Starting in July and running to the present day, there have been repeated calls from mainstream media, from leading statesmen and from diplomats, in the United States and in Europe, for some kind of rapprochement with Russia to be put in place. This is remarkable given the continually escalating informational, economic, military confrontation between Russia and the US-led West over the past five years. That confrontation has emerged in two waves of anti-Russian hysteria: the first, after the daring (or brazen) Russian reunification with (or annexation of) Crimea in March 2014, and the second, with still greater momentum towards war, following the November 2016 election of Donald Trump to the presidency, which was accompanied by allegations of Russian collusion with candidate Trump and other meddling in the U.S. election processes.
Since the United States initiated the New Cold War, it is only fitting that the first steps towards its resolution are coming from there. And it is not in the least surprising that these steps were taken in the aftermath of the April 2019 release of the Mueller Report, which showed that the allegations of Russiagate were without merit or not actionable. Trump’s political enemies were compelled to move on to other issues of contention that would serve better in the next presidential campaign, which is quickly approaching.
That is the context in which I place the fairly amazing editorial of The New York Times dated 21 July 2019 entitled “What’s America’s Winning Hand if Russia Plays the China Card?” The NYT, which along with The Washington Post, had been among the most fervent disseminators of Russiagate theories and of poisonous characterizations of the “Putin regime” now was calling for…re-establishing civilized relations with Russia in order to draw the country back from its growing alliance with China.
While the editorial opens by citing a recent Defense Department report on the serious security threat to the US from any Sino-Russian alliance, the fact of such alliance in formation has been obvious to anyone following the growing cooperation between these two countries in energy, aviation, military exercises, common positions taken in the UN Security Council and much more.
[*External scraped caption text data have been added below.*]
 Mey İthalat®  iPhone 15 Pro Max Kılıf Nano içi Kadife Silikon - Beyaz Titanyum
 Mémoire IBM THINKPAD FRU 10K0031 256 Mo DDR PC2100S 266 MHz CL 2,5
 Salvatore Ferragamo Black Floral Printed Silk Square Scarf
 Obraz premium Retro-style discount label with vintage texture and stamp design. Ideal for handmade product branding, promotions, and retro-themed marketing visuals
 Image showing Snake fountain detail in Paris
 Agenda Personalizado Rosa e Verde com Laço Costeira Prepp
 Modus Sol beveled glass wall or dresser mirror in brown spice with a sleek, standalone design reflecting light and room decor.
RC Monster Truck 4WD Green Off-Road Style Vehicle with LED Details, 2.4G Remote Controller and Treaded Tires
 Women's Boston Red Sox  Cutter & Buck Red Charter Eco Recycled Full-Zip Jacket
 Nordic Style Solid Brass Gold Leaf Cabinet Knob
It was also obvious for years that a major factor encouraging the Russian-Chinese embrace was the political, military and economic pressure each was receiving from the United States going back to the administration of George W. Bush and running through the Obama and Trump administrations. What is new is only the Times’ using this impending geopolitical tectonic shift to justify an extensive reversal of US policy towards Russia. Now we read that “…President Trump is correct to try to establish a sounder relationship with Russia and peel it away from China.”
This is not to say that the NYT raised the white flag and abandoned its identification of Russia as a malevolent rival: “America can’t seek warmer relations with a rival power at the price of ignoring its interference in American democracy.” Nor did it abandon its identification of Russia as a “declining power” which it very inaccurately ranks as “not even in the top 10” economies, when in fact Russia is close to taking the fifth largest economy slot when purchasing power parity is applied.
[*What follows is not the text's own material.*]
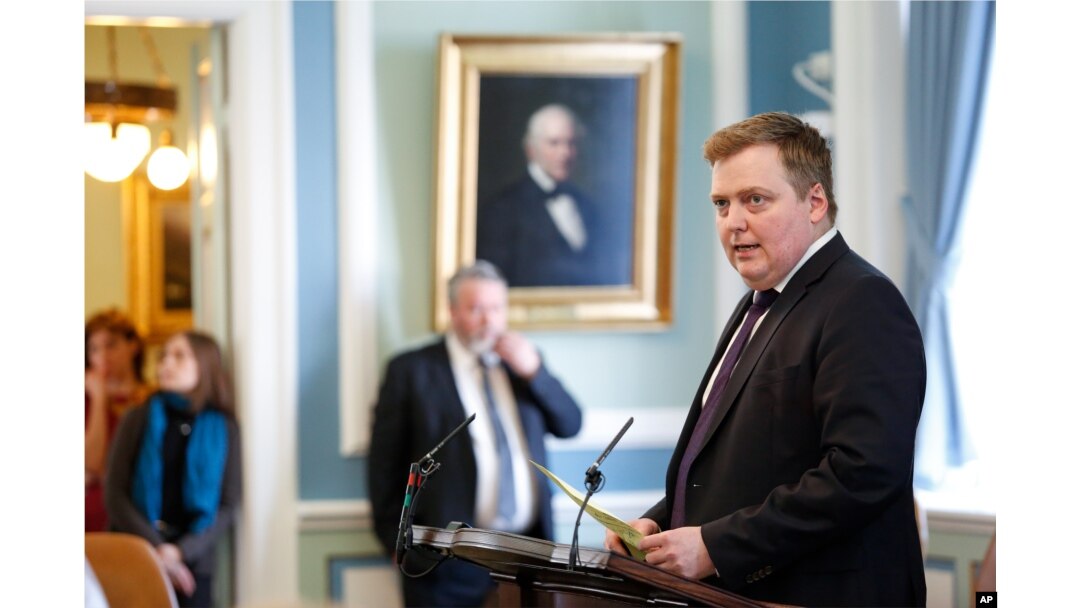 Iceland's Prime Minister Sigmundur David Gunnlaugsson speaks during a parliamentary session in Reykjavik, April 4, 2016 .Iceland’s president refused a request from the prime minister to dissolve parliament and call a new election amid a dispute over the premier’s offshore tax affairs.
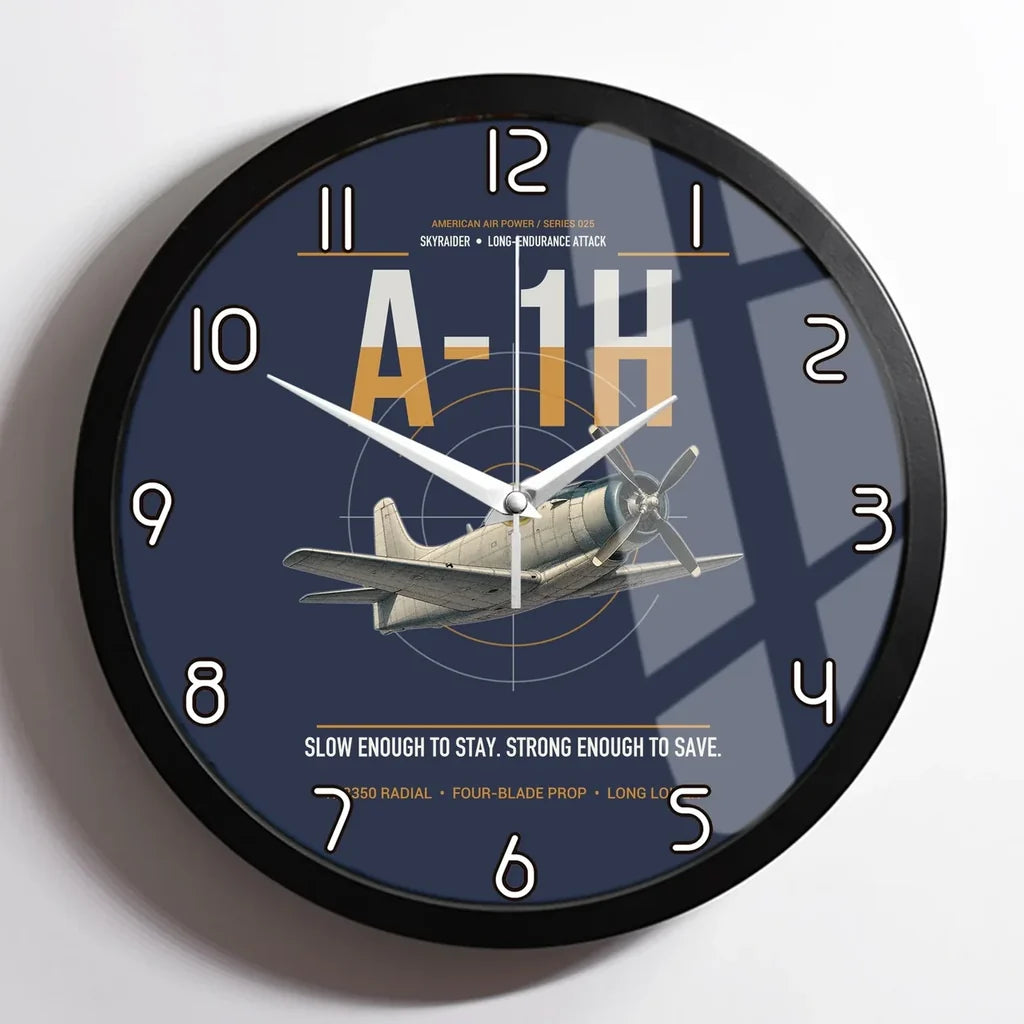 A-1H Skyraider design on navy blue framed wall clock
Specifically, The Times called for cherry-picking topics for cooperation with Russia such as space travel, managing the Arctic and arms control “especially by extending the New Start Treaty.”
I have taken time with this editorial because the reasoning did not come from nowhere. Moreover, the same logic underlies most, though not all of the calls for rapprochement with Russia that have punctuated the past two months on both sides of the Atlantic.
As for where it came from, I would put forward the name of Henry Kissinger, who exerted considerable influence on candidate Trump in 2016 and continued to have his ear in the early days of the new administration. There can be little doubt that Kissinger urged Trump to reach out to Putin precisely to halt the dangerous drift of Moscow towards Beijing under pressure from successive US administrations. After all Kissinger was Nixon’s man who drew China into an informal alliance with the United States, implementing the policy whereby Washington was closer to both Moscow and Beijing than either was to the other. He did not need to wait for Pentagon white papers in 2019 to know what was afoot and what had to be done to avert the worst, which spelled the destruction of his single greatest achievement during his time in power.
At the same time, Kissinger would have been advising only selective cooperation with Moscow, not full-blown détente. This is precisely the position that he and other ‘wise men’ from the Reagan and George H.W. Bush administrations urged upon both candidate Barack Obama and candidate John McCain during the electoral campaign of 2008, when relations between Russia and the United States were fraught with danger relating to the August 2008 war in Georgia. Their recommendations eventually became the “re-set” policy approved by Obama and implemented by Vice President Joe Biden and Secretary of State Hillary Clinton early in 2009.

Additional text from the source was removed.